→ WHAT TO PRODUCE
Any picture in the data below gets skipped; print all the rest exactly.

Start of EXERCISE DATA

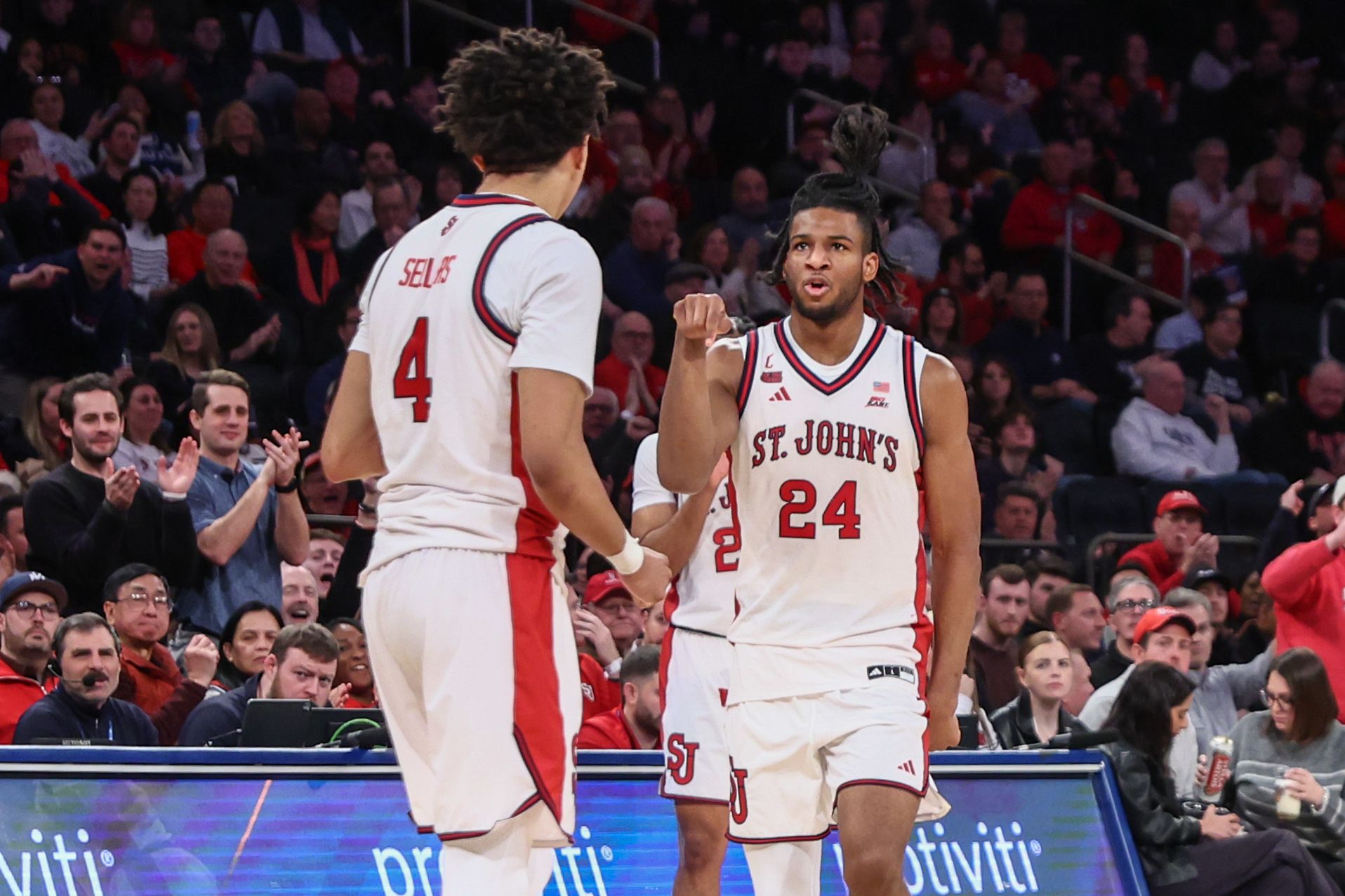 St. John's Red Storm forward Zuby Ejiofor (24) celebrates with guard Oziyah Sellers (4) in the second half against the Butler Bulldogs at Madison Square Garden.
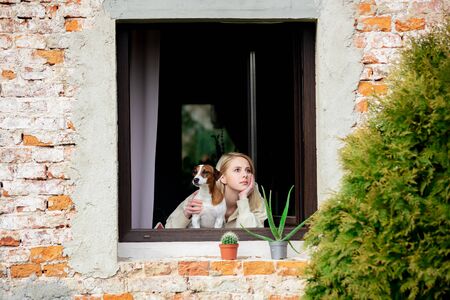 woman with a dog sits at the window during quarantine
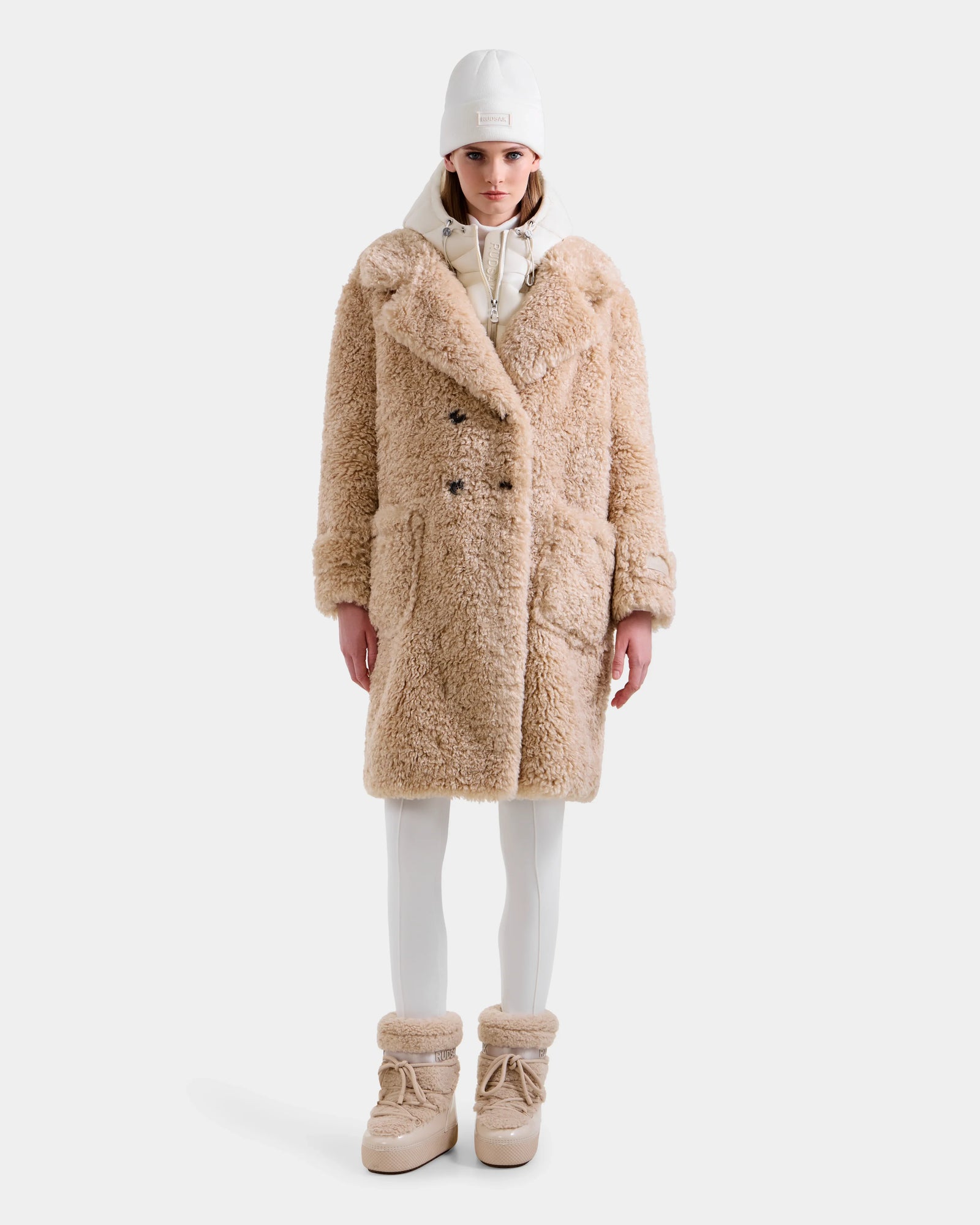 A person stands facing forward in a Rudsak EMRYN - L125588 Vanilla women’s teddy jacket, styled with white leggings, beige fur boots, a white hoodie, and a white cap against a plain white background.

End of EXERCISE DATA

→ ANSWER AREA
 St. John's Red Storm forward Zuby Ejiofor (24) celebrates with guard Oziyah Sellers (4) in the second half against the Butler Bulldogs at Madison Square Garden.
 woman with a dog sits at the window during quarantine
 A person stands facing forward in a Rudsak EMRYN - L125588 Vanilla women’s teddy jacket, styled with white leggings, beige fur boots, a white hoodie, and a white cap against a plain white background.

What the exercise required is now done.